(most of this page was contributed by Maria Angela Pellegrino and Martina Garofalo)

Overview

Once you have defined a new RDF embedding technique or you want to compare two existing methods, you should define a set of tests to run and analyze the results.

By using this framework the work is simplified. It provides Machine Leraning and semantic tasks to evaluate your vectors.

The implemented tasks are:

Machine Learning
- Classification
- Regression
- Clustering
Semantic tasks
- Entity Relatedness
- Document similarity
- Semantic analogies

For each task, the parameters, the procedure, the file used as gold standards and metric used to evaluate the output are presented.

Embedding framework

Link project : the project is available on GitHub

To run it :

Libraries : 
numpy==1.14.0
pandas==0.22.0
scipy==1.1.0
scikit-learn==0.19.2

Python version : Python 2.7.3

Parameters:
--vectors_file, Path of the file where your vectors are stored. File format: one line for each entity with entity and vector, mandatory
--vectors_size, default=200, Length of each vector
--top_k, default=2, Used in SemanticAnalogies : The predicted vector will be compared with the top k closest vectors to establish if the prediction is correct or not

To customize distance metric and analogy function :

You have to redefine your own main.

You can use one of the distance metric accepted by scipy.spatial.distance.cdist.

Your analogy function has to take

3 vectors or matrices of vectors used to forecast the forth vector,
the index (or indices) or these vectors in the data matrix
the data matrixes that contains all the vectors
the top_k, i.e., the number of vectors you want to use to check if the predicted vector is close to one in your dataset

and it must return the indices of the top_k closest vector to the predicted one.

Classification

Parameters

Datasets used as gold standard

Useful information related to the dataset are listed here

The datasets can be downloaded following this link.

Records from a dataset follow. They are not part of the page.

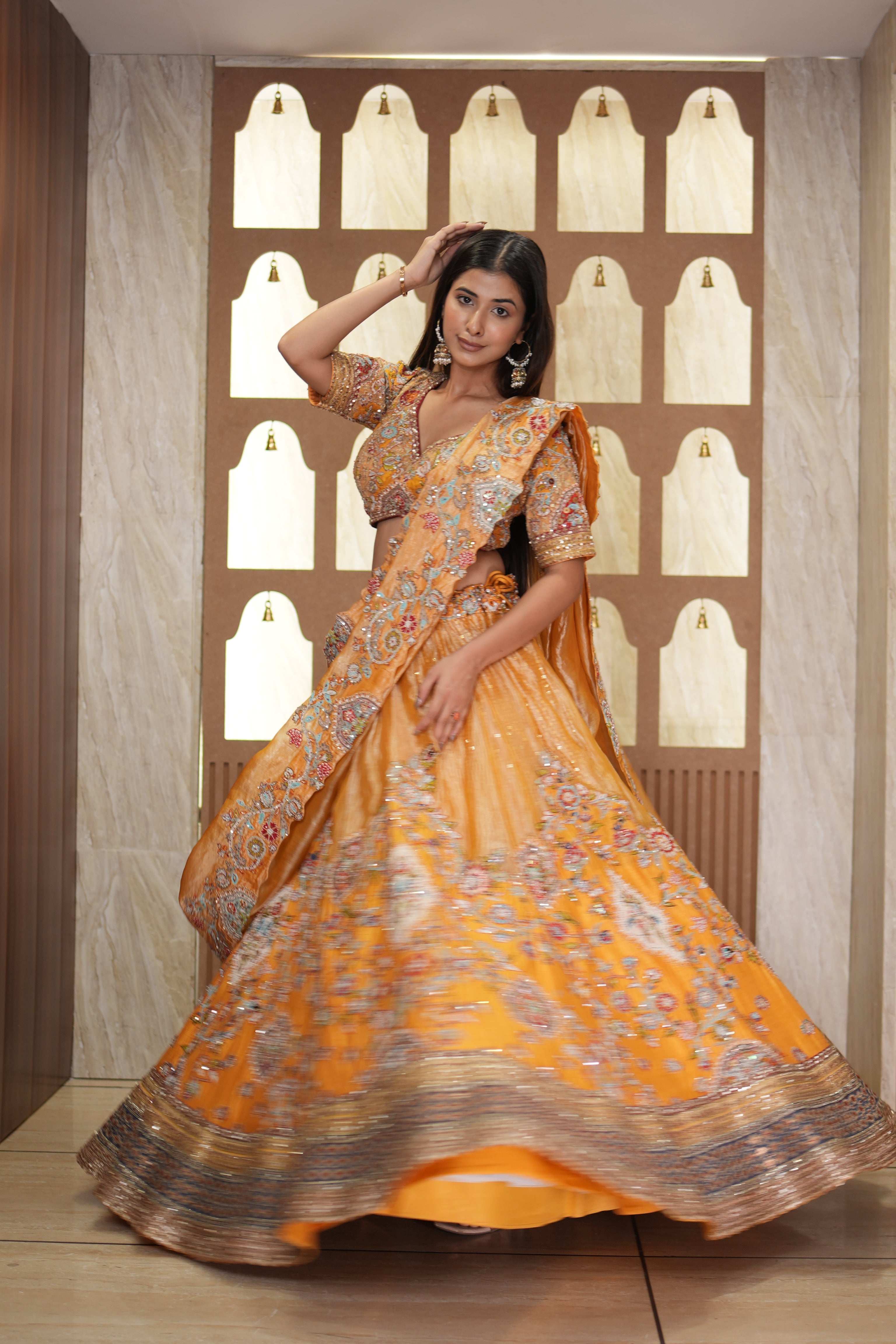 Radiant Mustard Embroidered Lehenga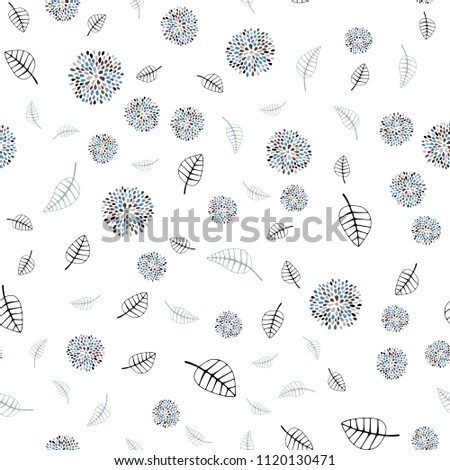 Light Blue, Yellow vector seamless natural background with leaves and flowers. Doodle illustration of leaves and flowers in Origami style. Template for backgrounds of cell phones.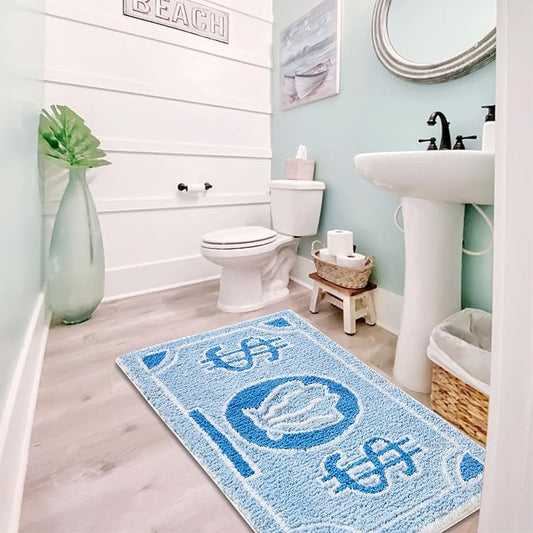 RoomTalks Coastal Beach Bathroom Rugs Non Slip Light Blue Turquoise Cute Bath Mat Washable, Cartoon Money Tufted Rug Boho Funky Aesthetic Cool 2x3 Small Throw Rugs for Bedroom Kitchen Living Room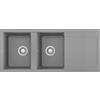 Elleci Lavello 2 vasche con gocciolatoio Reversibile Sopratop 116 x 50 cm finitura Granitek Matt Cemento 48 Easy 500 Elleci LGY50048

The datasets are explined in the paper[Ristoski, P., de Vries, G.K.D., Paulheim, H.: A collection of benchmark datasets for systematic evaluations of machine learning on the semantic web. In: International Semantic Web Conference (To Appear). Springer (2016)]

The used ones are

Cities
Metacritic movies
Metacritic albums
Forbes
AAUP (only salary information)

and are available in the Git respository.

Procedure

for each file_as_gold_standard:
	NB, K-NN with k=3, C45 and SVM with C={pow(10, -3), pow(10, -2), 0.1, 1.0, 10.0, pow(10, 2), pow(10, 3)} are used as models

	data = intersection between entities in vectors and in file_as_gold_standard
	data = random sampling of data is computed (using seed from 1 to 10 for reproducibility)

	model is created
	model is trained using cv = 10

	results are collected

Output metric

Accuracy is computed

The output file is a CSV file for each file_as_gold_standard with header:

task_name : Classification
model_name : [NB, K-NN, C45, SVM]
model_configuration : null for NB and C45, k=3 for K-NN and current C value for SVM
score_type : accuracy
score_value : the actual score

Reference

The used dataset, models, their configuration and the output metric is based on RDF2vec evaluation

Regression

Parameters

Datasets used as gold standard

Useful information related to the dataset are listed here

The datasets can be downloaded following this link.

The used ones are

Cities
Metacritic movies
Metacritic albums
Forbes
AAUP (only salary information)

and are available in the Git respository.

Procedure

for each file_as_gold_standard:
	LR, K-NN with k=3 and M5 are used as models

	data = intersection between entities in vectors and in file_as_gold_standard
	data = random sampling of data is computed (using seed from 1 to 10 for reproducibility)

	model is created
	model is trained using cv = 10

	results are collected

Output metric

Root mean squared error is computed

The output file is a CSV file for each file_as_gold_standard with header:

task_name : Regression
model_name : [LR, K-NN, M5]
model_configuration : null for LR and M5, k=3 for K-NN
score_type : root mean squared error
score_value : the actual score

Reference

The used dataset, models, their configuration and the output metric is based on RDF2vec evaluation

Clustering

Parameters

Distance metric to compute distance score among vectors. Default: cosine

Datasets used as gold standard

Same entities contained in the datasets Cities, Metacritic movies, Metacritic albums, AAUP and Forbes splitted in 5 clusters
Cities and Countries retrieved respectlively by DBpedia SPARQL endpoint through the queries:

prefix dbo:<http://dbpedia.org/ontology/>
SELECT DISTINCT ?c{
	?c a dbo:City
} 

and

prefix dbo:<http://dbpedia.org/ontology/>
SELECT DISTINCT ?c{
	?c a dbo:PopulatedPlace
} 

Cities and Countries ar before, but belancing the 2 clusters (retrieving only 2000 Cities)
Football and Basketball teams retrieved respectlively by DBpedia SPARQL endpoint through the queries:

select distinct ?c where {
	?c a <http://dbpedia.org/ontology/SportsTeam>.
	BIND(STR(?c) AS ?string )
		filter(contains(?string, 'football_team'))
}

and

select distinct ?c where {
	?c a <http://dbpedia.org/ontology/SportsTeam>.
	BIND(STR(?c) AS ?string )
		filter(contains(?string, 'basketball_team'))
}

The datasets are available in the Git respository.

Procedure

for each file_as_gold_standard:
	DB, KMeans, AgglomerativeClustering, WardHierarchicalClustering and SpectralClustering are used as models

	data = intersection between entities in vectors and in file\_as\_gold\_standard
	ignored = data in file\_as\_gold\_standard and not in vectors

	model is created
	model is fit 

	for each ignored_data
		a new (unused) cluster is created

	results are collected

Output metric

Adjusted_rand_index, adjusted_mutual_info_score, fowlkes_mallows_score, homogeneity_score, completeness_score and v_measure_score are computed. To read more details about the metrics you can follow this link.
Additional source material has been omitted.